• _PROVIDED RECORDS_:
◇ ◇ ◇ ◇
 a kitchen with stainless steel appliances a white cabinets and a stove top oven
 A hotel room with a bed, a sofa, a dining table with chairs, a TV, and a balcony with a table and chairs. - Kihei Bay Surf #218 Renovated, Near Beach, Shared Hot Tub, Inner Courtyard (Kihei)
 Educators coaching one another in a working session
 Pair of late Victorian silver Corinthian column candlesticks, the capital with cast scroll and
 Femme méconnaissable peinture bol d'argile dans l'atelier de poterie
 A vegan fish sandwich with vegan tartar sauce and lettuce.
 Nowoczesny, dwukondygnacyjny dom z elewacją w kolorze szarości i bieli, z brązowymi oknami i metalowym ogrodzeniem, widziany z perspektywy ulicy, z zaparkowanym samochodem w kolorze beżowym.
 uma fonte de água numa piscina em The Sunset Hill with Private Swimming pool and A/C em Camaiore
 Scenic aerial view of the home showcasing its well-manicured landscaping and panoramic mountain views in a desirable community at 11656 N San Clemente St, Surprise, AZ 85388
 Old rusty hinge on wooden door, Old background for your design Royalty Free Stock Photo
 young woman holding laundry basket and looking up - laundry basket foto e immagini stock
◇ ◇ ◇ ◇
• _WORK INSTRUCTIONS_:
Only output the lines from the one with "uma fonte de" through the end of the entries above, exactly as they are.

• _EXPECTED ANSWER_:
 uma fonte de água numa piscina em The Sunset Hill with Private Swimming pool and A/C em Camaiore
 Scenic aerial view of the home showcasing its well-manicured landscaping and panoramic mountain views in a desirable community at 11656 N San Clemente St, Surprise, AZ 85388
 Old rusty hinge on wooden door, Old background for your design Royalty Free Stock Photo
 young woman holding laundry basket and looking up - laundry basket foto e immagini stock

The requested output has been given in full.